**WORK REQUIRED**
Only one stretch of the data is wanted: the line containing "LUNARIA NACAR SECA 75CM", the line containing "Psy ze schroniska do adopcji Bruno", and every line between them, copied exactly.

**RECORDS SUPPLIED**
# # # # #
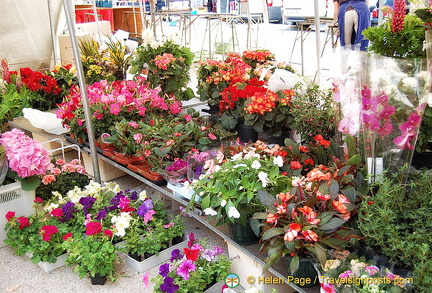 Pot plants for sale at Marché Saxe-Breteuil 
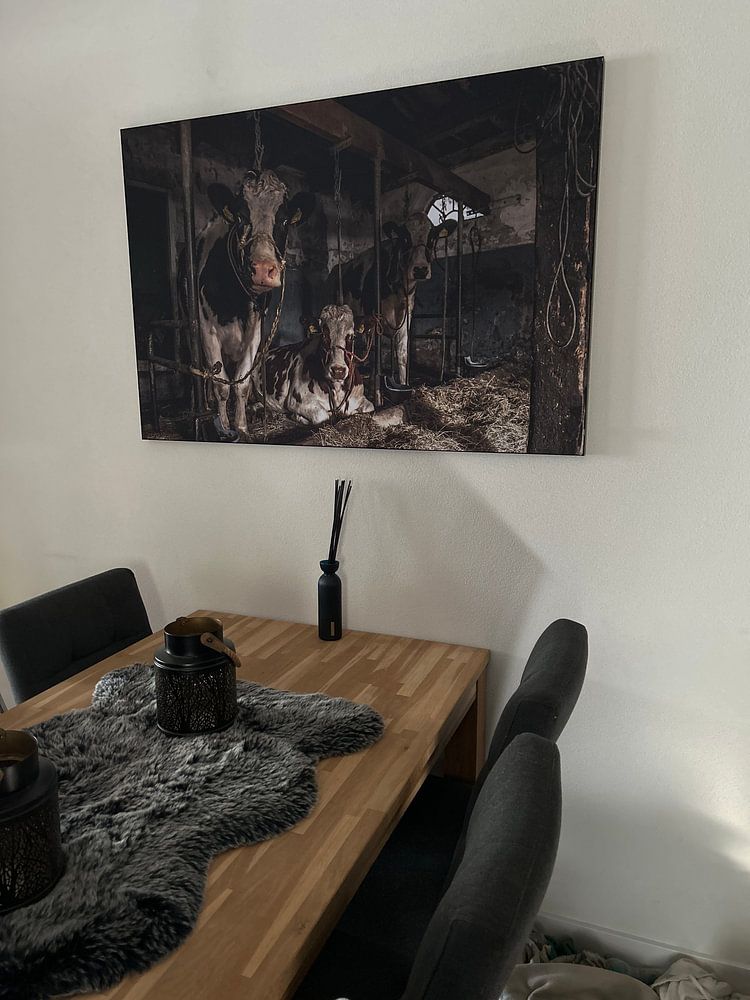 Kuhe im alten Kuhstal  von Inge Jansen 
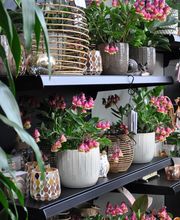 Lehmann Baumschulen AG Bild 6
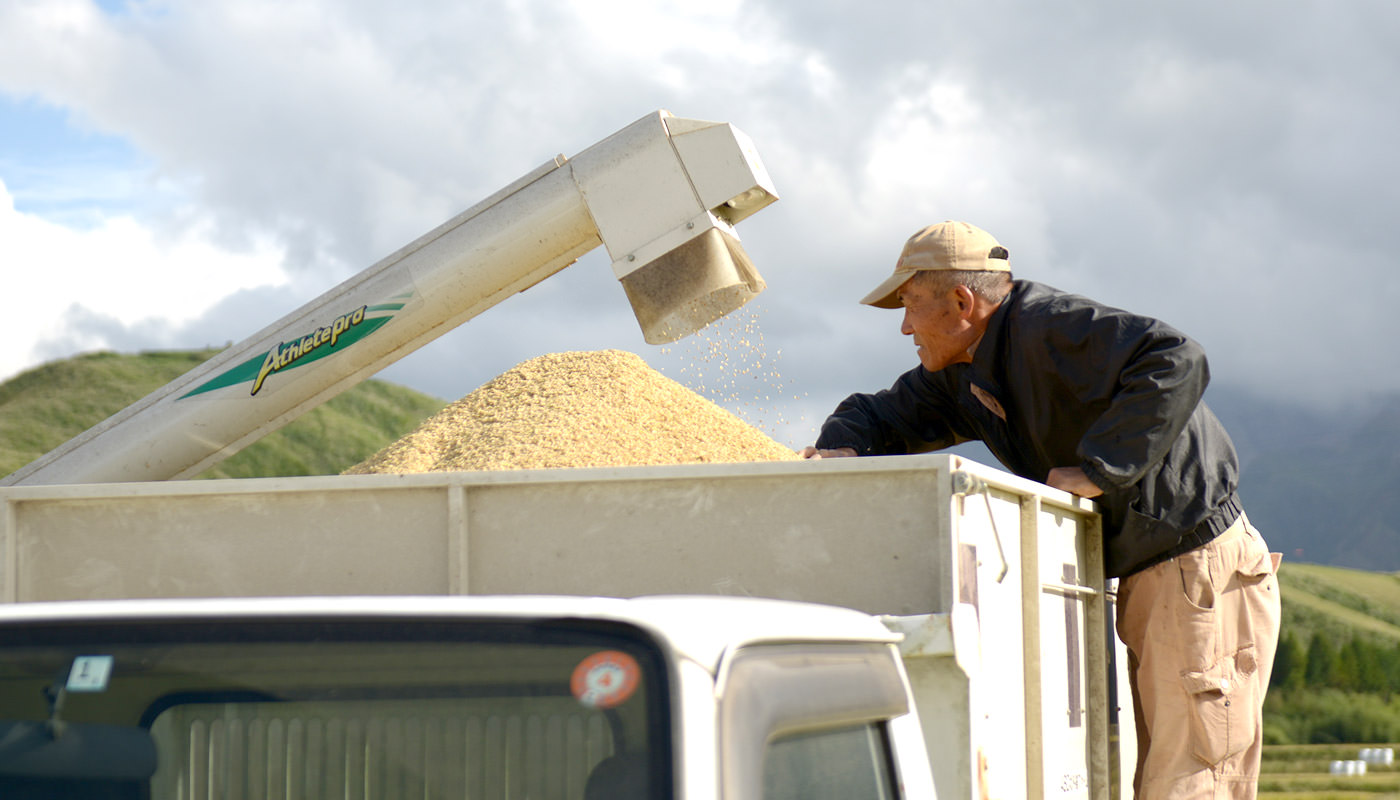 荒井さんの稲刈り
# # # # #
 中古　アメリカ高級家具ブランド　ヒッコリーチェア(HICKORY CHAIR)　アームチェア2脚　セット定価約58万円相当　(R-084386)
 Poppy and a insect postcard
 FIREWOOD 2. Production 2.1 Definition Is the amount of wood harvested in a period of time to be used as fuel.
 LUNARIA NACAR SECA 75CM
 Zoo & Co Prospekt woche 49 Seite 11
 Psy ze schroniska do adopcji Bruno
# # # # #
**THE COMPLETED TASK**
 LUNARIA NACAR SECA 75CM
 Zoo & Co Prospekt woche 49 Seite 11
 Psy ze schroniska do adopcji Bruno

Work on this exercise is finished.